Required action: Return only the line that contains "Natural Separation & Curl Mascara" and each line after it, through the last line of the data below, copied exactly.

*** Data for processing

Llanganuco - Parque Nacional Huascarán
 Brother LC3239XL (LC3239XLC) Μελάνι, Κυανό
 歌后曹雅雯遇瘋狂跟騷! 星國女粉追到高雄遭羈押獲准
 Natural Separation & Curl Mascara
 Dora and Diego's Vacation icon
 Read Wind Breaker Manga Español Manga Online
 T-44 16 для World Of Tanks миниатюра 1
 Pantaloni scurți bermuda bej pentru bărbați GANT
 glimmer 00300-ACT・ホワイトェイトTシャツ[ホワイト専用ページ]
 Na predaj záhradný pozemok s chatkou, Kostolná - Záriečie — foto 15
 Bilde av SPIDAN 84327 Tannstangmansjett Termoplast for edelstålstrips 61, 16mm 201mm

******

Response below:
 Natural Separation & Curl Mascara
 Dora and Diego's Vacation icon
 Read Wind Breaker Manga Español Manga Online
 T-44 16 для World Of Tanks миниатюра 1
 Pantaloni scurți bermuda bej pentru bărbați GANT
 glimmer 00300-ACT・ホワイトェイトTシャツ[ホワイト専用ページ]
 Na predaj záhradný pozemok s chatkou, Kostolná - Záriečie — foto 15
 Bilde av SPIDAN 84327 Tannstangmansjett Termoplast for edelstålstrips 61, 16mm 201mm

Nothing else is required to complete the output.